LLMs, such as GPT-4o and DeepSeek-V3, are trained on extensive text datasets to produce human-like text.
VLMs, such as OpenAI-o1, OpenAI-o3-mini, and LLaVA-CoT, are trained on a combination of text and image datasets to produce human-like text and images.
LMMs integrate multiple data types, like text, images, videos, and audio, to enhance understanding and generation across modalities.
LRMs focus on advanced reasoning capabilities, aiming to improve problem-solving and decision-making processes, such as OpenAI-o1, OpenAI-o3-mini, and DeepSeek-R1.
Diffusion models, like DALL-E and Stable Diffusion, generate images by progressively refining random noise to match a given text prompt.

Traditional Data ETL vs.
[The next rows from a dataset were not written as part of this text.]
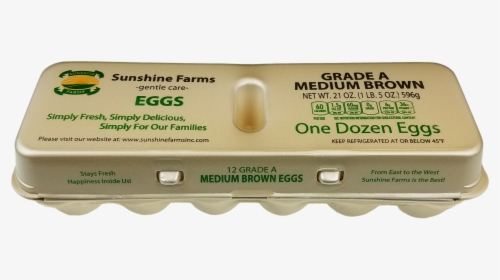 Sunshine Medium Eggs Dozen, HD Png Download, Free Download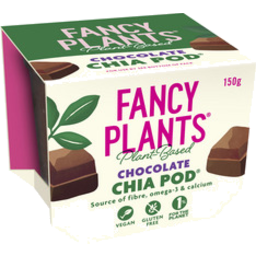 Photo of Fancy Plants Chocolate Chia Pod 150g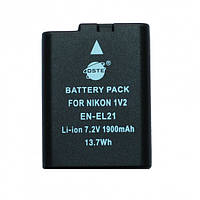 Акумуляторна батарея DSTE для Nikon EN-EL21,1900 мА·год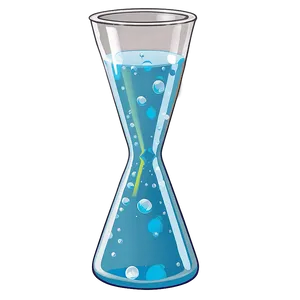 Beaker With Foam PNG 05232024 PNG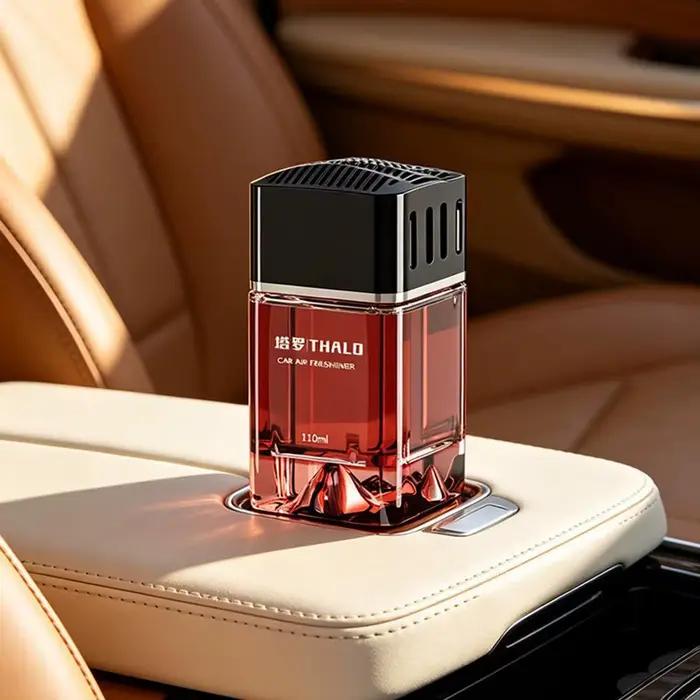 Diffuseur de parfum de luxe pour voiture, parfum longue durée, ornement désodorisant haut de gamme pour hommes et femmes, décoration intérieure premium
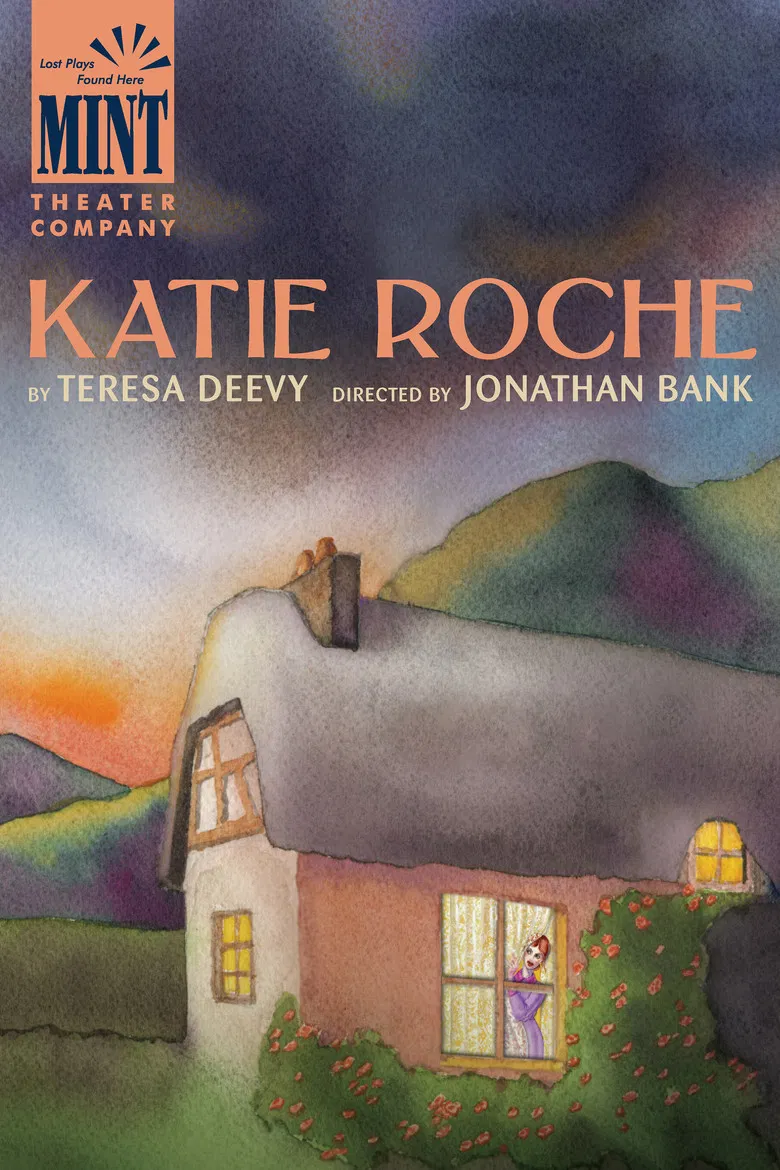 Katie Roche poster background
Unstructured Data ETL

Data ETL (Extract, Transform, Load) is a data integration process that extracts data from various sources, transforms it to fit operational needs, and loads it into a target system, such as a data warehouse. It is also known as data washing, data wrangling, or data massaging.
Unstructured data ETL involves extracting data from various unstructured sources (like text documents, images, or videos), transforming it into a structured format suitable for analysis, and loading it into a target system such as a data warehouse or database.

	Traditional Data ETL	Unstructured Data ETL
Data Type	Structured data (e.g., tables, relational databases).	Unstructured data (e.g., text, images, videos, PDFs, logs).
Extract Sources	SQL databases, CSV files, spreadsheets.	Documents, emails, social media, multimedia, logs.
Transformation Process	Schema mapping, aggregations, data cleaning, indexing.	LLM, Embeddings, OCR (Optical Character Recognition).
Tools Used (generally)	Apache Spark, Informatica, Airflow, etc.	Instill Core, LangChain, Hugging Face, Unstructured.io, etc.
Loading Destination	Data warehouses (Snowflake, BigQuery, Redshift).	Vector databases (Pinecone, ChromaDB), document stores (Elasticsearch, MongoDB), blob storages (GCS, S3, MinIO)
End Use Case	BI dashboards, financial reports, analytics.	AI-powered search, RAG (Retrieval-Augmented Generation), chatbots, content analysis.

AI Builders vs. AI Users

AI Builders are the innovators who design, develop, and optimize AI-first products, leveraging skills in machine learning, software development, and data science to create AI-driven technologies. In contrast, AI Users are professionals who utilize these AI-first products to enhance productivity, applying AI in areas like automation, content creation, data analysis, and decision-making. While builders work with tools like PyTorch, TensorFlow, and Hugging Face to build AI solutions, users interact with AI-powered applications such as ChatGPT, GitHub Copilot, and AI-driven analytics tools to streamline their workflows. Please refer to the table below.

	AI Builders 👩‍🔧👨🏻‍🔧	AI Users 👩‍💼👨🏻‍💼
Definition	People who design, develop, and build AI-first products.	People who use AI-first products to enhance their productivity.
Primary Goal	Create and optimize AI-driven technologies.	Leverage AI to improve efficiency and decision-making.
Key Activities	Developing machine learning models, fine-tuning LLMs, integrating AI APIs, building AI-powered applications.	Using AI for automation, content generation, data analysis, research, and communication.
Required Skills	AI/ML engineering, software development, data science, product management.	Domain expertise in their respective fields, ability to effectively interact with AI tools.
Examples	Engineers at OpenAI, Hugging Face, Google, or startups creating AI-driven apps.	Writers using ChatGPT, marketers leveraging AI analytics, coders using AI-assisted programming tools.
Tools Used	Instill Core, PyTorch, TensorFlow, Hugging Face, LangChain, OpenAI API.	Instill AI, ChatGPT, Midjourney, GitHub Copilot, AI-powered automation tools.